Proteins involved in compounds transport were detected in free-living bacteria and Cyanobacteria during both the day and the night (Table 2). Glutamine synthetase, involved in nitrogen metabolism, was detected in all bacterial fractions (Table 2, Figure 2 and Figure 4). The abundance of transporters in the free-living fraction and the overall characterization of glutamine synthetase suggested an adaptation to an oligotrophic environment, where a strong competition for limiting nutrients such as nitrogen and phosphorous was reported [14,26,57]. Interestingly, no transporter was identified in the attached-bacterial fraction (Table 2, Figure 3). This suggested lesser environmental pressure for the expression of nutrient transporters in attached bacteria since nutrients are more readily available in the particle microenvironment. In contrast, free-living bacteria and Cyanobacteria could depend on constitutive expression of transporters for efficient nutrient scavenging [26].
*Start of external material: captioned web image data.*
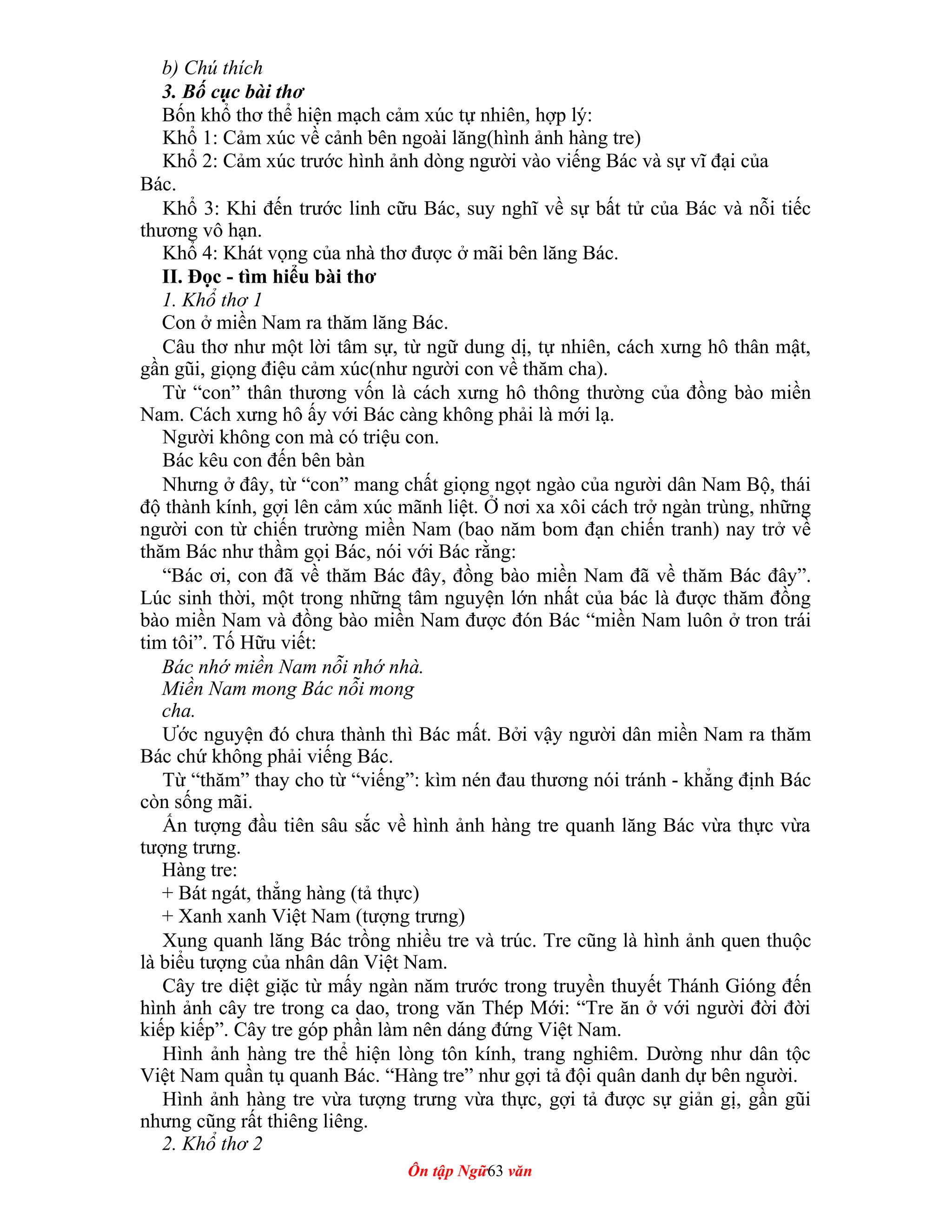 b) Chú thích
3. Bố cục bài thơ
Bốn khổ thơ thể hiện mạch cảm xúc tự nhiên, hợp lý:
Khổ 1: Cảm xúc về cảnh bên ngoài lăng(hình ảnh hàng tre)
Khổ 2: Cảm xúc trước hình ảnh dòng người vào viếng Bác và sự vĩ đại của
Bác.
Khổ 3: Khi đến trước linh cữu Bác, suy nghĩ về sự bất tử của Bác và nỗi tiếc
thương vô hạn.
Khổ 4: Khát vọng của nhà thơ được ở mãi bên lăng Bác.
II. Đọc - tìm hiểu bài thơ
1. Khổ thơ 1
Con ở miền Nam ra thăm lăng Bác.
Câu thơ như một lời tâm sự, từ ngữ dung dị, tự nhiên, cách xưng hô thân mật,
gần gũi, giọng điệu cảm xúc(như người con về thăm cha).
Từ “con” thân thương vốn là cách xưng hô thông thường của đồng bào miền
Nam. Cách xưng hô ấy với Bác càng không phải là mới lạ.
Người không con mà có triệu con.
Bác kêu con đến bên bàn
Nhưng ở đây, từ “con” mang chất giọng ngọt ngào của người dân Nam Bộ, thái
độ thành kính, gợi lên cảm xúc mãnh liệt. Ở nơi xa xôi cách trở ngàn trùng, những
người con từ chiến trường miền Nam (bao năm bom đạn chiến tranh) nay trở về
thăm Bác như thầm gọi Bác, nói với Bác rằng:
“Bác ơi, con đã về thăm Bác đây, đồng bào miền Nam đã về thăm Bác đây”.
Lúc sinh thời, một trong những tâm nguyện lớn nhất của bác là được thăm đồng
bào miền Nam và đồng bào miền Nam được đón Bác “miền Nam luôn ở tron trái
tim tôi”. Tố Hữu viết:
Bác nhớ miền Nam nỗi nhớ nhà.
Miền Nam mong Bác nỗi mong
cha.
Ước nguyện đó chưa thành thì Bác mất. Bởi vậy người dân miền Nam ra thăm
Bác chứ không phải viếng Bác.
Từ “thăm” thay cho từ “viếng”: kìm nén đau thương nói tránh - khẳng định Bác
còn sống mãi.
Ấn tượng đầu tiên sâu sắc về hình ảnh hàng tre quanh lăng Bác vừa thực vừa
tượng trưng.
Hàng tre:
+ Bát ngát, thẳng hàng (tả thực)
+ Xanh xanh Việt Nam (tượng trưng)
Xung quanh lăng Bác trồng nhiều tre và trúc. Tre cũng là hình ảnh quen thuộc
là biểu tượng của nhân dân Việt Nam.
Cây tre diệt giặc từ mấy ngàn năm trước trong truyền thuyết Thánh Gióng đến
hình ảnh cây tre trong ca dao, trong văn Thép Mới: “Tre ăn ở với người đời đời
kiếp kiếp”. Cây tre góp phần làm nên dáng đứng Việt Nam.
Hình ảnh hàng tre thể hiện lòng tôn kính, trang nghiêm. Dường như dân tộc
Việt Nam quần tụ quanh Bác. “Hàng tre” như gợi tả đội quân danh dự bên người.
Hình ảnh hàng tre vừa tượng trưng vừa thực, gợi tả được sự giản gị, gần gũi
nhưng cũng rất thiêng liêng.
2. Khổ thơ 2
Ôn tập Ngữ63 văn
Pelagibacterales dominated the free-living bacterial community, in both the metagenome and the metaproteomes (Figure 1). Pelagibacterales include proteorhodopsin-containing photoheterotrophs such as Pelagibacter (SAR11), which is known to be abundant and highly active in the ocean [46]. Metatranscriptomic studies showed evidence of diel periodicity in many of their gene transcripts [20]. Here, proteins involved in protein folding, stress response and replication, transcription and translation were the main functions characterized in Pelagibacterales metaproteomes (Figure 3 and Figure 4). Despite the higher trend in protein abundance of free-living Pelagibacterales at night (Figure 1), no significant change was observed in the aforementioned biological processes (Figure 1). This suggests that Pelagibacterales constitutively express diverse housekeeping genes required for the maintenance of basal cellular functions that are essential to protect the cell against molecular damage and environmental changes. Protein expression regulation could take place at transcript level, thus limiting energy losses from diel protein turnover [58].

5. Conclusions

This study provided the first overview on the picoplanktonic response to diel variation at the protein level and demonstrated taxa-specific diel protein regulation from surface marine microbial communities. Taxonomic overlaps were observed between free-living and particle-attached bacteria, where protein abundance peaked at day and at night, respectively. The photoautotrophs Synechococcales showed distinct diel protein profiles with light-dependent functions synchronized with daytime. Similarly, diel variations in (photo)-heterotrophic bacteria were observed, thus revealing distinct adaptation strategies with essential regulations in environmental stress response. This study provided preliminary results reinforcing the hypothesis that the functioning of free-living and particle-attached communities could be time-gated. Additional work, including observational studies with more sampling replicates and laboratory-based investigations, is needed to further understand the response of these communities to diel changes and to decipher the cellular mechanisms involved in the diel adaptation of (photo)-heterotroph microorganisms.